Try it >> Retype the records word for word. Skip every image.

------ Extracted data ------

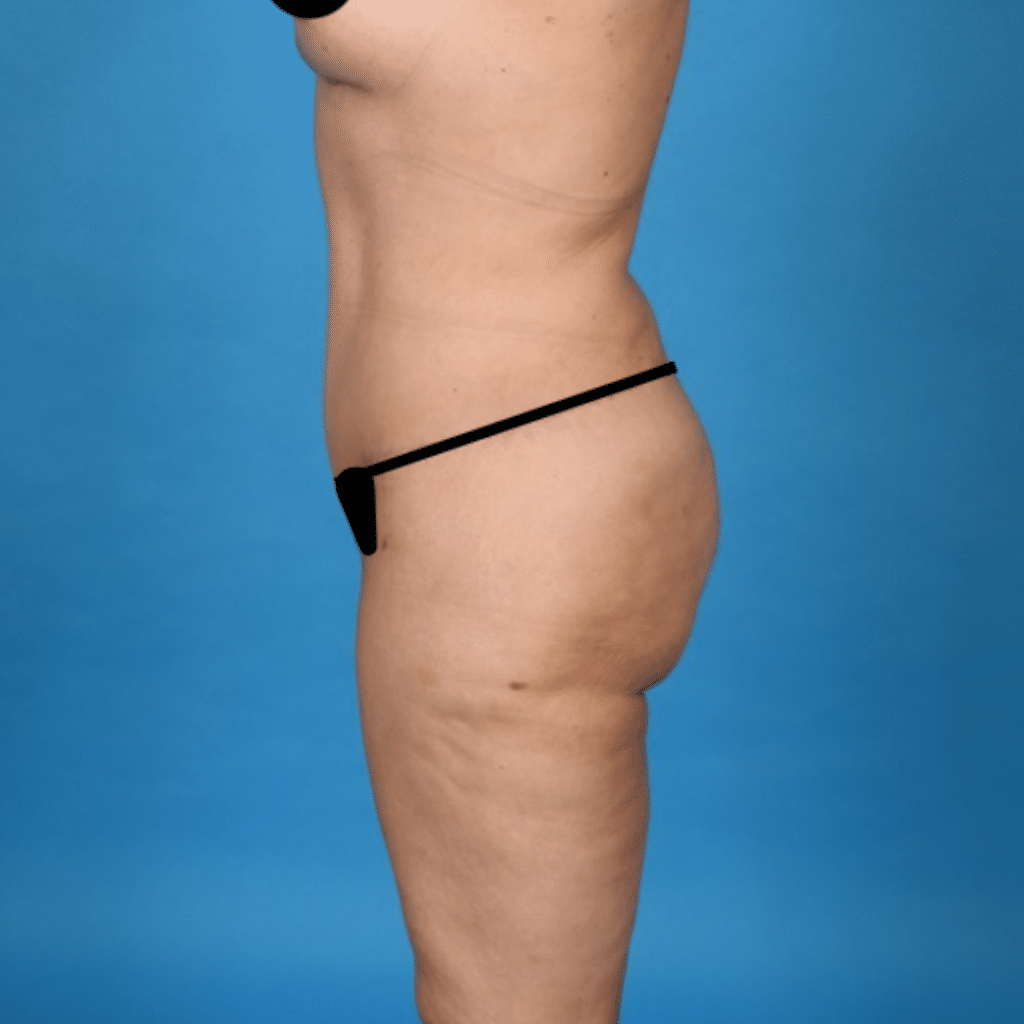 After Image: Extended abdominoplasty, Liposuction 360 - left-side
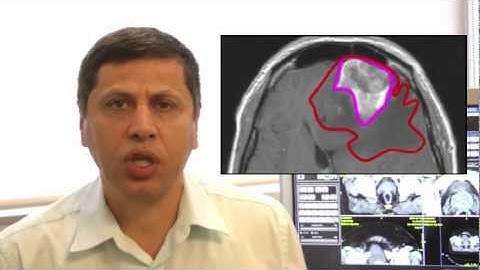 Segasist Cloud for Quality Assurance in Cancer Radiation Therapy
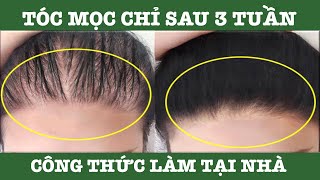 Chữa và chống rụng tócđiều trị chứng hói đầu [upl. by Eelarbed]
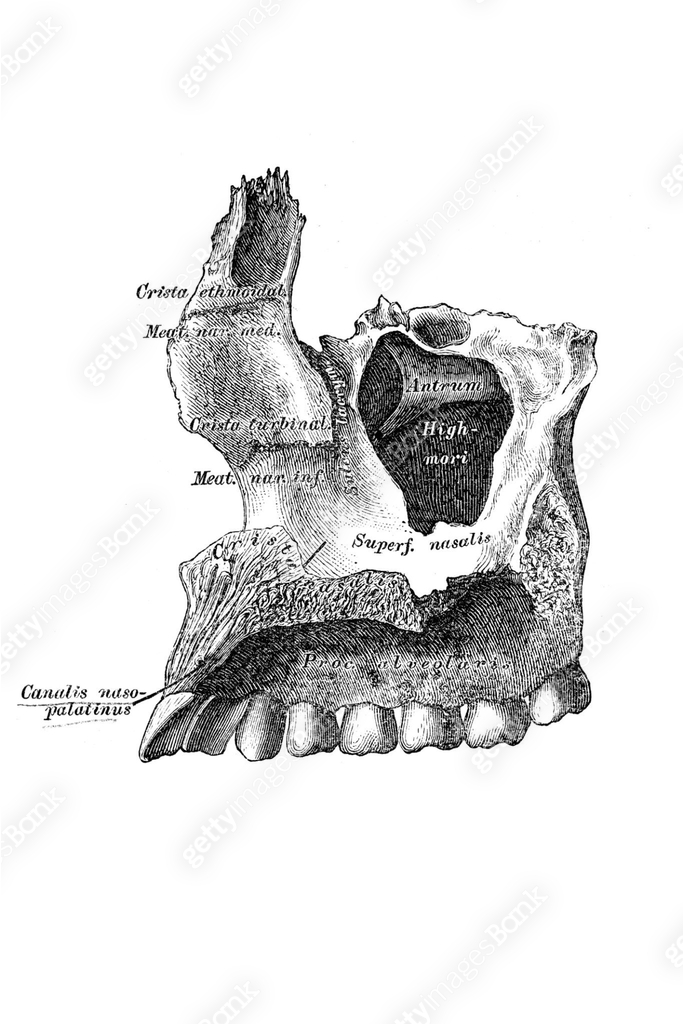 Maxilla Bone Exploded View Right maxillary bone, superior maxilla, from the inside 이미지 (1604745826 ...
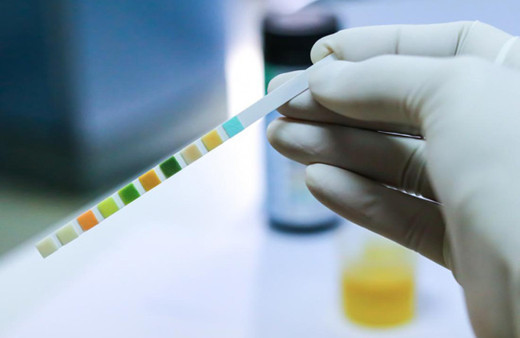 İdrar rengi neyin belirtisi kırmızı ve bordo renkli idrar kötü hastalık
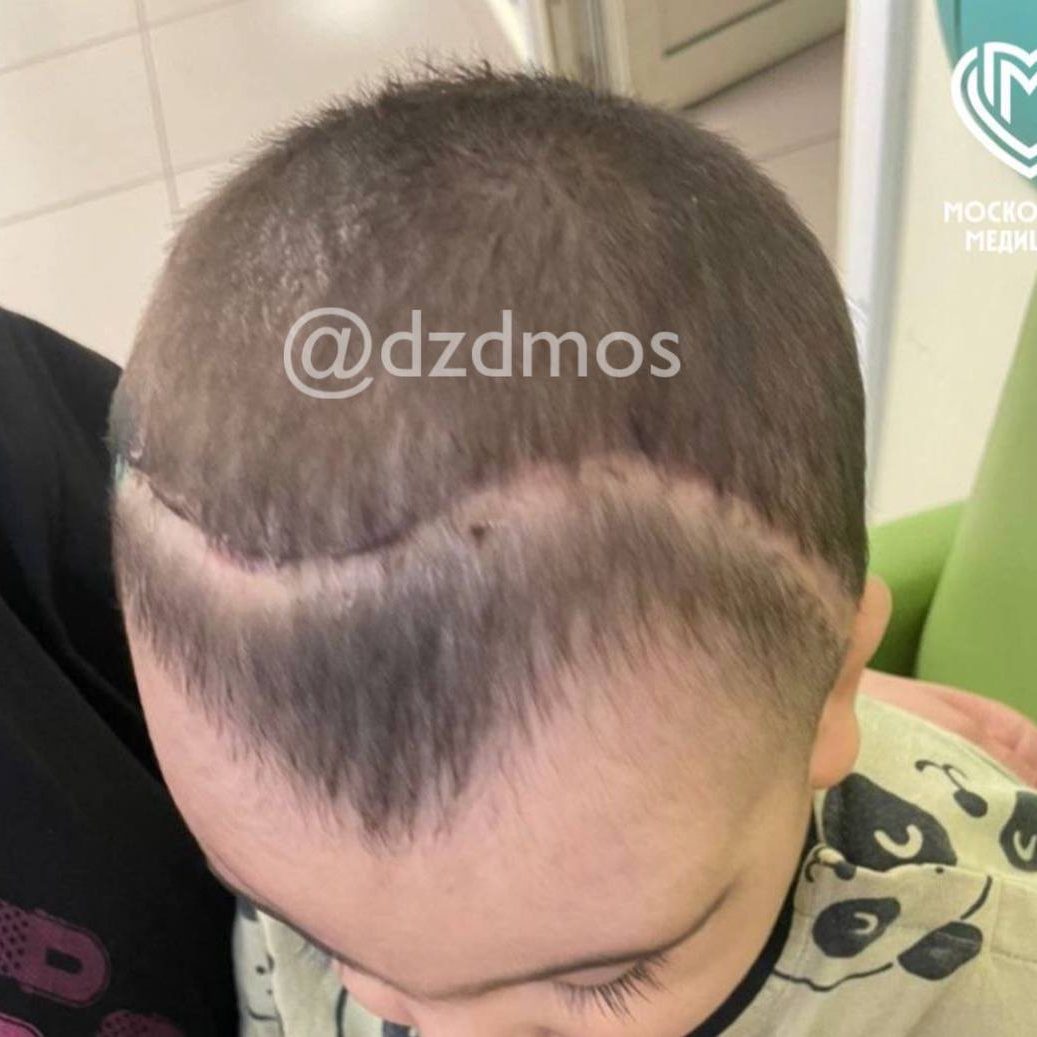 Московские нейрохирурги спасли мальчика с деформацией черепа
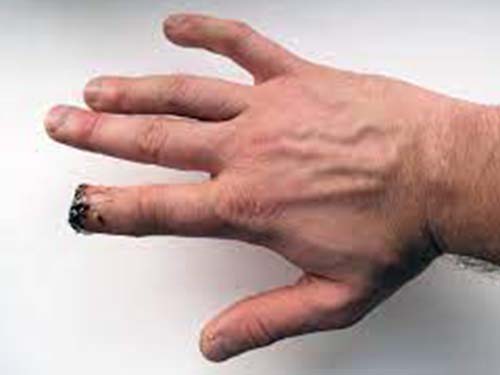 Finger tip amputation Kenya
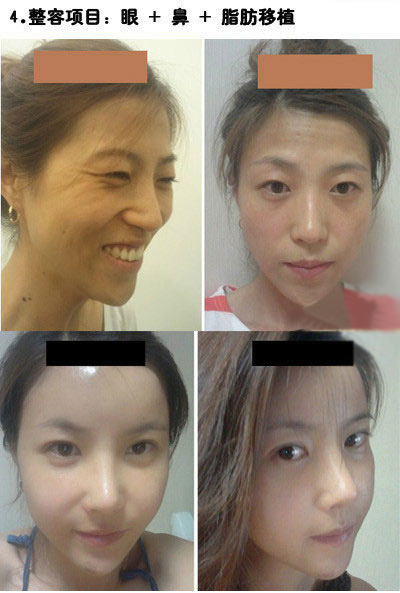 整容整出来的美女胚子。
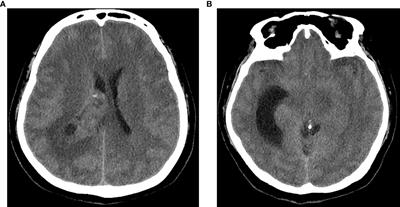 Trigone ventricular glioblastoma multiforme with trapped temporal horn: A case report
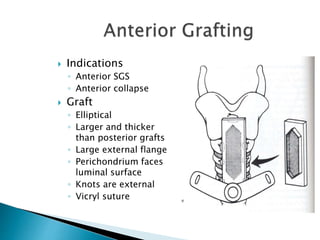  Indications
◦ Anterior SGS
◦ Anterior collapse
 Graft
◦ Elliptical
◦ Larger and thicker
than posterior grafts
◦ Large external flange
◦ Perichondrium faces
luminal surface
◦ Knots are external
◦ Vicryl suture
 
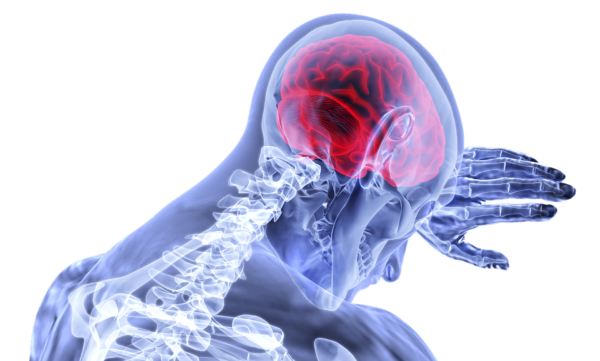 السكتة الدماغية: الأعراض والأسباب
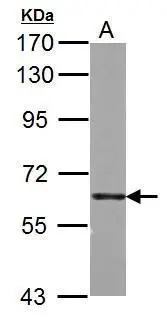 PKM antibody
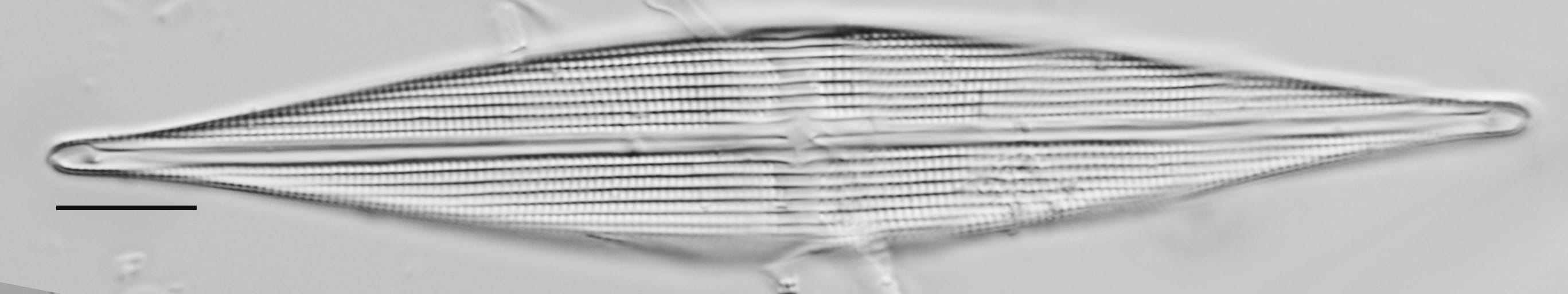 Stauroneis staurolineata LM5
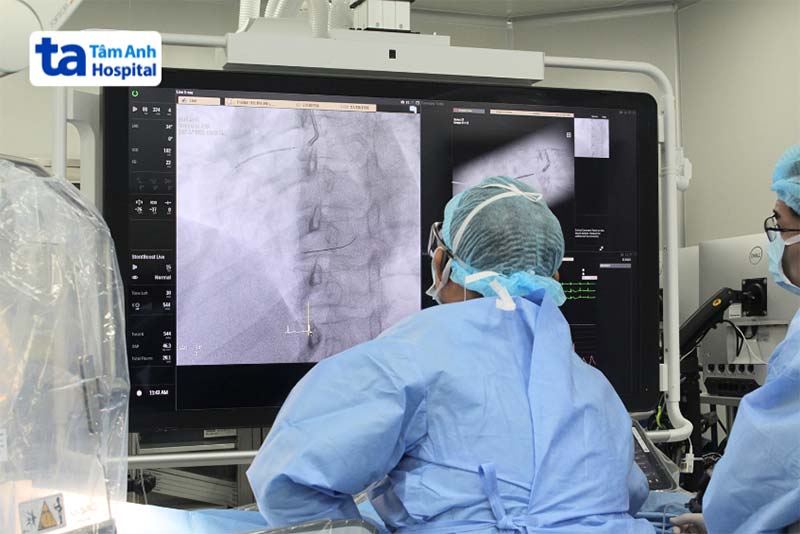 siêu âm nội mạch ivus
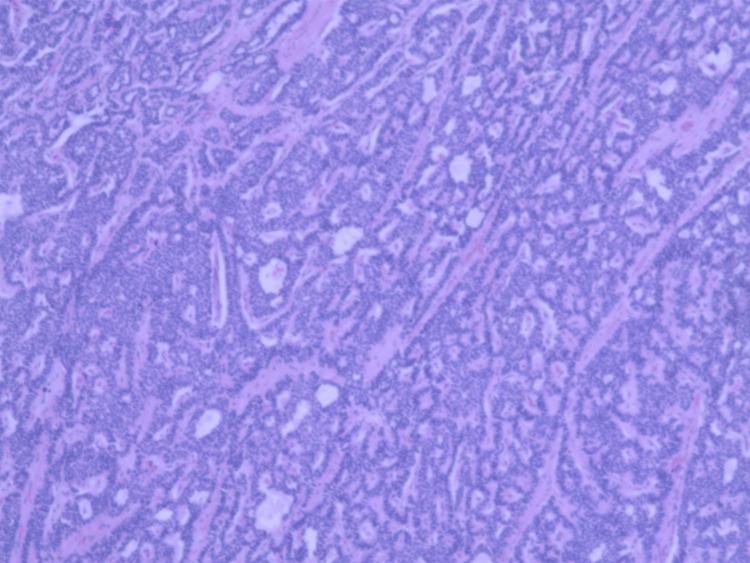 https://cdn.ncbi.nlm.nih.gov/pmc/blobs/4d38/11372752/2ef2743c1439/cureus-0016-00000066004-i06.jpg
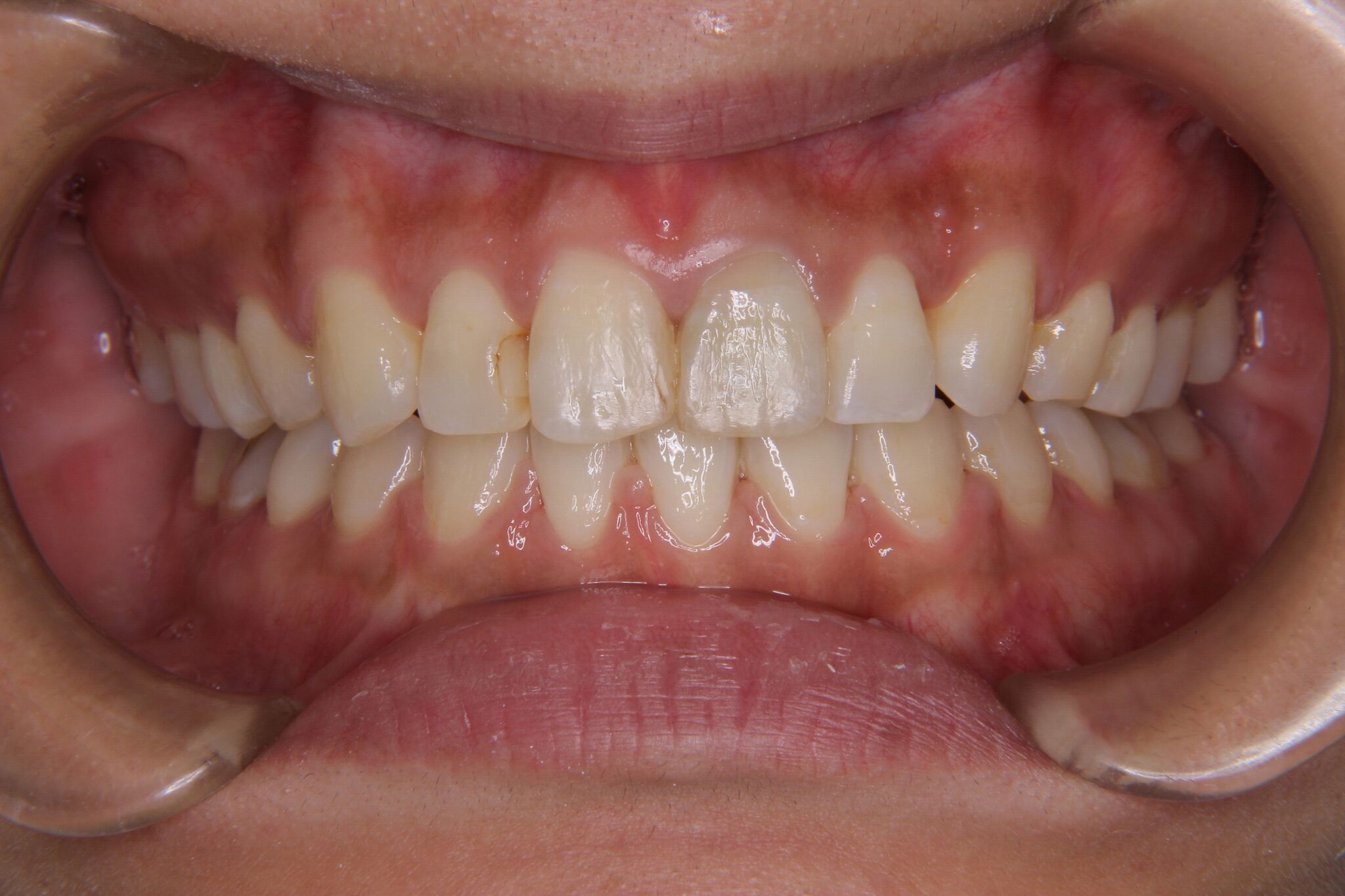 【30代　女性】上顎前歯のがたがた歯・下顎前歯一本欠損（先天欠如）の矯正歯科治療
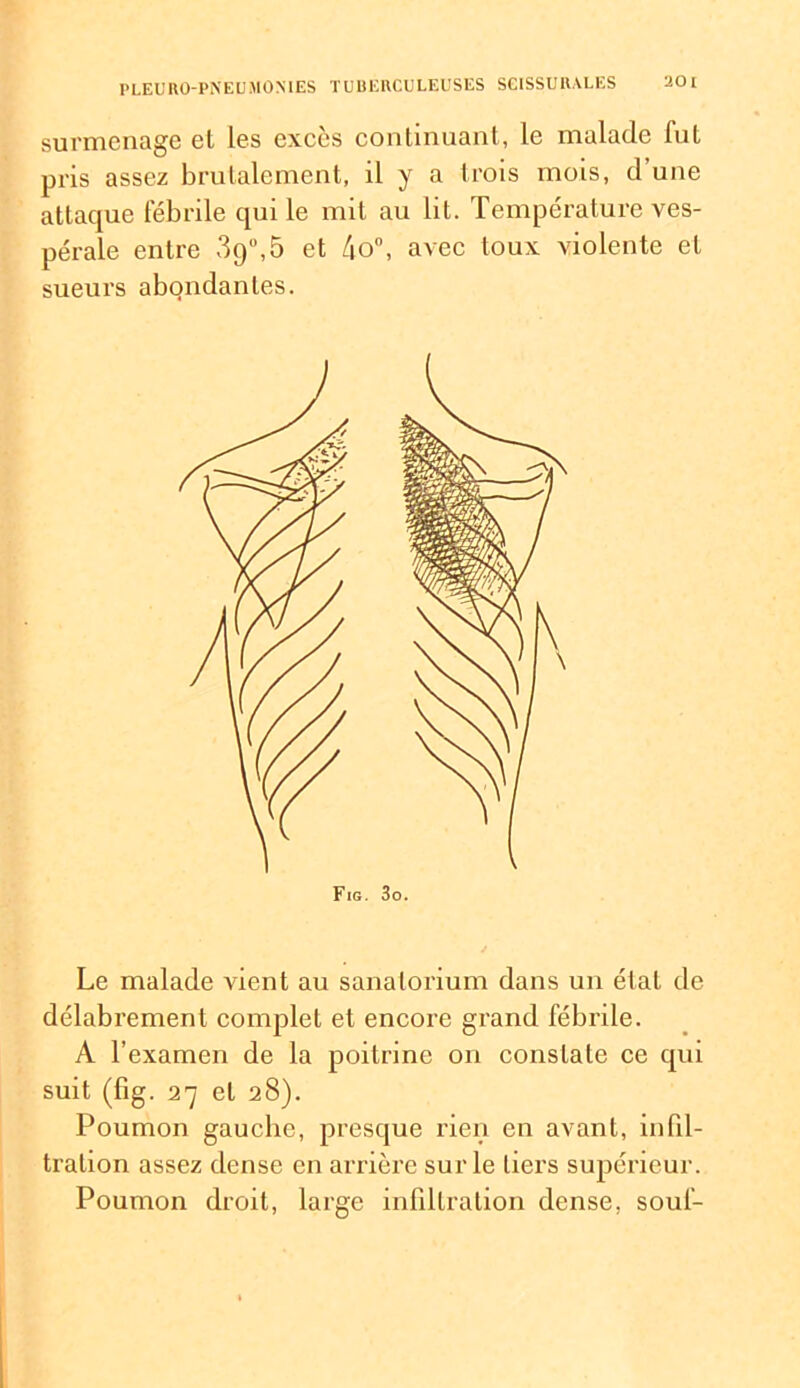 surmenage el les excès continuant, le malade fut pris assez brutalement, il y a trois mois, d’une attaque fébrile qui le mit au lit. Température ves- pérale entre 39°,5 et 4o°, avec toux violente el sueurs abondantes. Le malade vient au sanatorium dans un état de délabrement complet et encore grand fébrile. A l’examen de la poitrine on constate ce qui suit (fig. 27 el 28). Poumon gauebe, presque rien en avant, infil- tration assez dense en arrière sur le tiers supérieur. Poumon droit, large infiltration dense, souf-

------

Answer >>
 After Image: Extended abdominoplasty, Liposuction 360 - left-side
 Segasist Cloud for Quality Assurance in Cancer Radiation Therapy
 Chữa và chống rụng tócđiều trị chứng hói đầu [upl. by Eelarbed]
 Maxilla Bone Exploded View Right maxillary bone, superior maxilla, from the inside 이미지 (1604745826 ...
 İdrar rengi neyin belirtisi kırmızı ve bordo renkli idrar kötü hastalık
 Московские нейрохирурги спасли мальчика с деформацией черепа
 Finger tip amputation Kenya
 整容整出来的美女胚子。
 Trigone ventricular glioblastoma multiforme with trapped temporal horn: A case report
  Indications
◦ Anterior SGS
◦ Anterior collapse
 Graft
◦ Elliptical
◦ Larger and thicker
than posterior grafts
◦ Large external flange
◦ Perichondrium faces
luminal surface
◦ Knots are external
◦ Vicryl suture
 
 السكتة الدماغية: الأعراض والأسباب
 PKM antibody
 Stauroneis staurolineata LM5
 siêu âm nội mạch ivus
 https://cdn.ncbi.nlm.nih.gov/pmc/blobs/4d38/11372752/2ef2743c1439/cureus-0016-00000066004-i06.jpg
 【30代　女性】上顎前歯のがたがた歯・下顎前歯一本欠損（先天欠如）の矯正歯科治療
 surmenage el les excès continuant, le malade fut pris assez brutalement, il y a trois mois, d’une attaque fébrile qui le mit au lit. Température ves- pérale entre 39°,5 et 4o°, avec toux violente el sueurs abondantes. Le malade vient au sanatorium dans un état de délabrement complet et encore grand fébrile. A l’examen de la poitrine on constate ce qui suit (fig. 27 el 28). Poumon gauebe, presque rien en avant, infil- tration assez dense en arrière sur le tiers supérieur. Poumon droit, large infiltration dense, souf-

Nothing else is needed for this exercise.